EfficientWord-Net
Hotword detection based on one-shot learning
Home assistants require special phrases called hotwords to get activated (eg:"ok google")
EfficientWord-Net is an hotword detection engine based on one-shot learning inspired from FaceNet's Siamese Network Architecture. Works very similar to face recognition , just requires a few samples of your own custom hotword to get going. No extra training or huge datasets required!! This will allow developers to add custom hotwords to their programs without a sweat or any extra charges. Just like google assistant's hotword detector, the engine performs the best when 3-4 hotword samples are collected directly from the user This repository is an official implemenation of EfficientWord-Net as a python library from the authors.
The library is purely written with python and uses Google's Tflite implemenation for faster realtime inference.
Demo of EfficientWord-Net in Pi
EfficientWord-Net.mp4
Access preprint
The research paper is currently under review in IEEE, click here to access the preprint and the training code will be available for public access once the paper is published.
Python Version Requirements
This Library works between python versions: 3.6 to 3.9
Dependencies Installation
Before running the pip installation command for the library, few dependencies need to be installed manually.
- PyAudio (depends on PortAudio)
- Tflite (tensorflow lightweight binaries)
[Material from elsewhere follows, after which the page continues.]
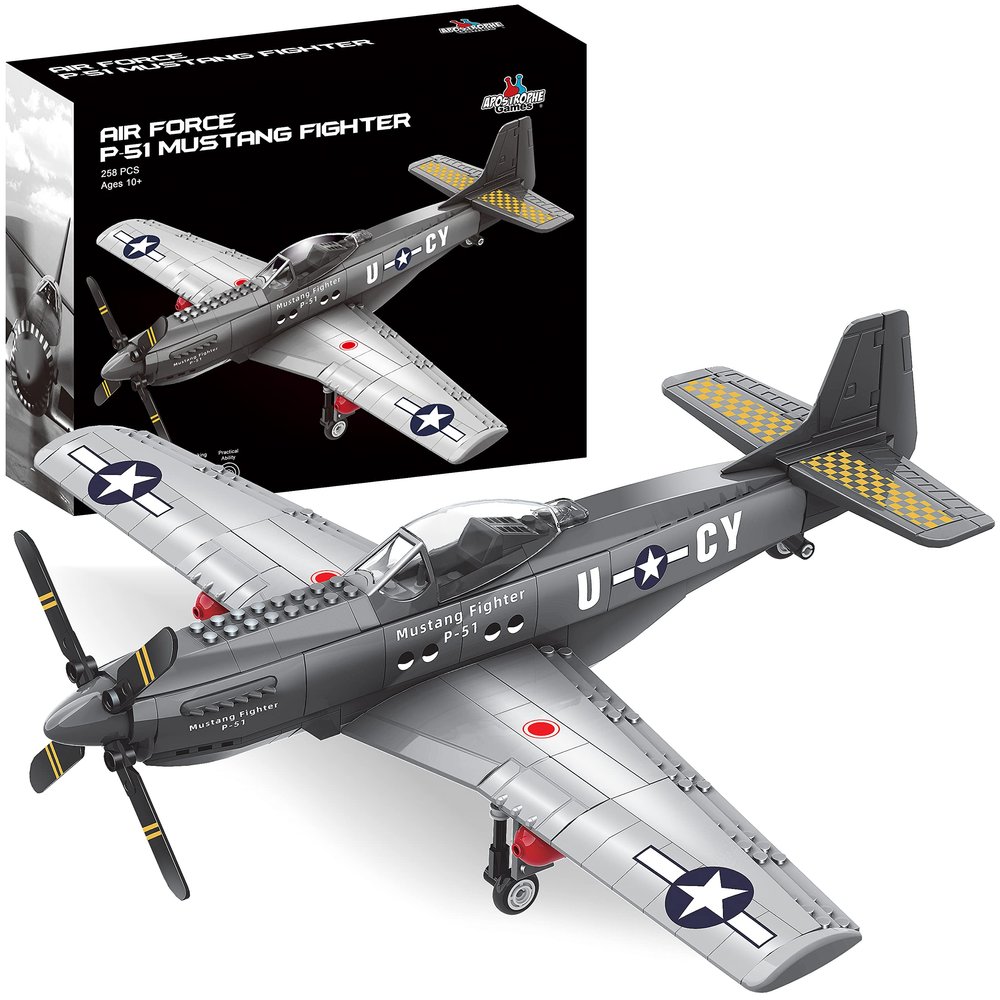 Apostrophe Games WW2 P-51 Mustang Fighter Plane Building Block Set 258 -Pcs Building Toys Set Plane Toy for Kids Older Than 10 and Adults Compatible with All Building Bricks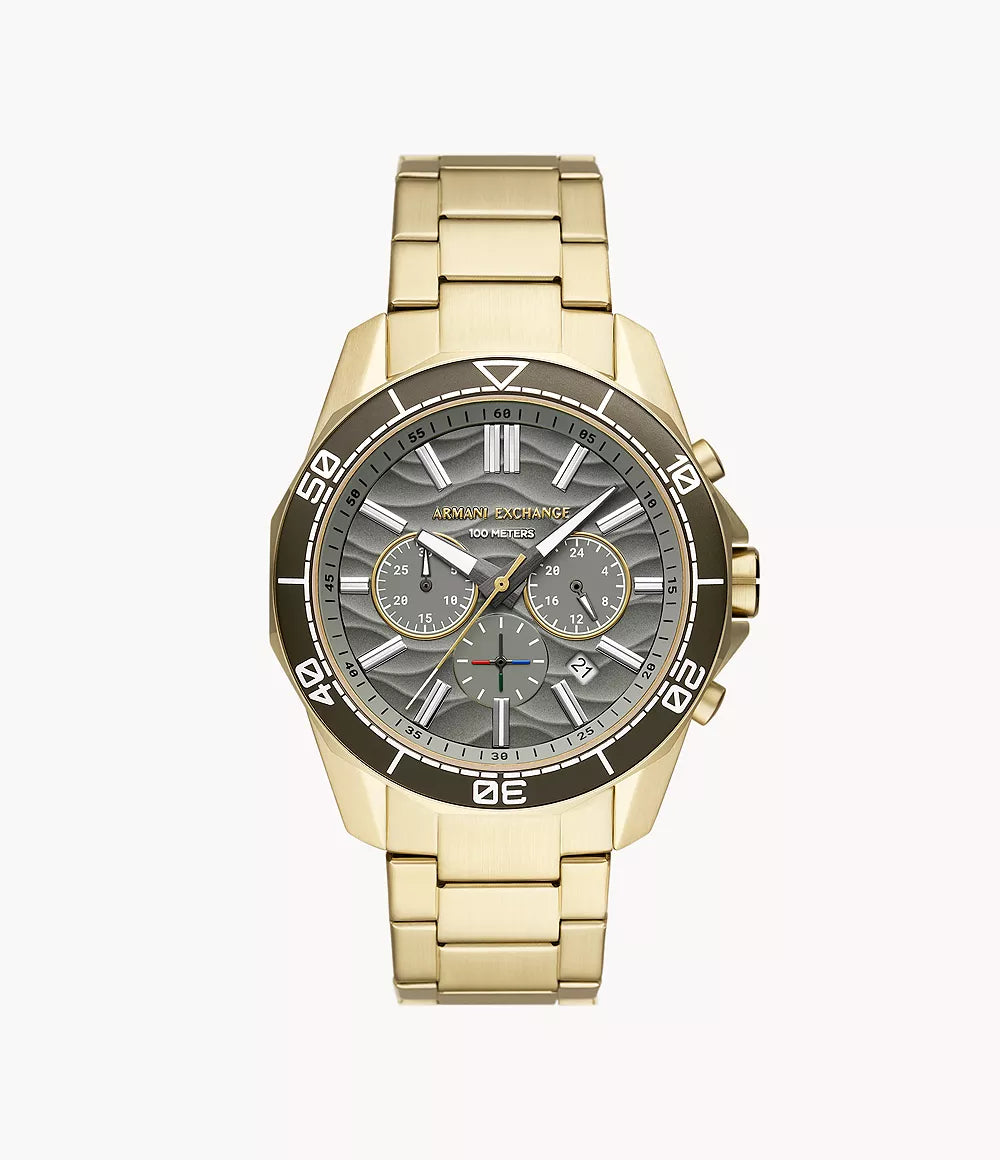 Armani Exchange Chronograph Gold Stainless Steel Watch AX1970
- Librosa (Binaries might not be available for certain systems) Mac OS M* and Raspberry Pi users might have to compile these dependecies.
tflite package cannot be listed in requirements.txt hence will be automatically installed when the package is initialized in the system.
librosa package is not required for inference only cases , however when generate_reference is called , will be automatically installed.
Package Installation
Run the following pip command
pip install EfficientWord-Net
and to import running
import eff_word_net
Demo
After installing the packages, you can run the Demo script inbuilt with library (ensure you have a working mic).
Accesss Documentation from : https://ant-brain.github.io/EfficientWord-Net/
Command to run demo
python -m eff_word_net.engine
Generating Custom Wakewords
For any new hotword, the library needs information about the hotword, this information is obtained from a file called {wakeword}_ref.json
. Eg: For the wakeword 'alexa', the library would need the file called alexa_ref.json
These files can be generated with the following procedure:
One needs to collect few 4 to 10 uniquely sounding pronunciations of a given wakeword. Then put them into a seperate folder, which doesnt contain anything else.
Finally run this command, it will ask for the input folder's location (containing the audio files) and the output folder (where _ref.json file will be stored).
python -m eff_word_net.generate_reference
The pathname of the generated wakeword needs to passed to the HotwordDetector detector instance.
HotwordDetector(
hotword="hello",
reference_file = "/full/path/name/of/hello_ref.json"),
activation_count = 3 #2 by default
)
Few wakewords such as Mycroft, Google, Firefox, Alexa, Mobile, Siri the library has predefined embeddings readily available in the library installation directory, its path is readily available in the following variable
from eff_word_net import samples_loc
Try your first single hotword detection script
import os
from eff_word_net.streams import SimpleMicStream
from eff_word_net.engine import HotwordDetector
from eff_word_net import samples_loc
mycroft_hw = HotwordDetector(
hotword="Mycroft",
reference_file = os.path.join(samples_loc,"mycroft_ref.json"),
activation_count=3
)
mic_stream = SimpleMicStream()
mic_stream.start_stream()
print("Say Mycroft ")
while True :
frame = mic_stream.getFrame()
result = mycroft_hw.checkFrame(frame)
if(result):
print("Wakeword uttered")
Detecting Mulitple Hotwords from audio streams
The library provides a computation friendly way to detect multiple hotwords from a given stream, installed of running checkFrame()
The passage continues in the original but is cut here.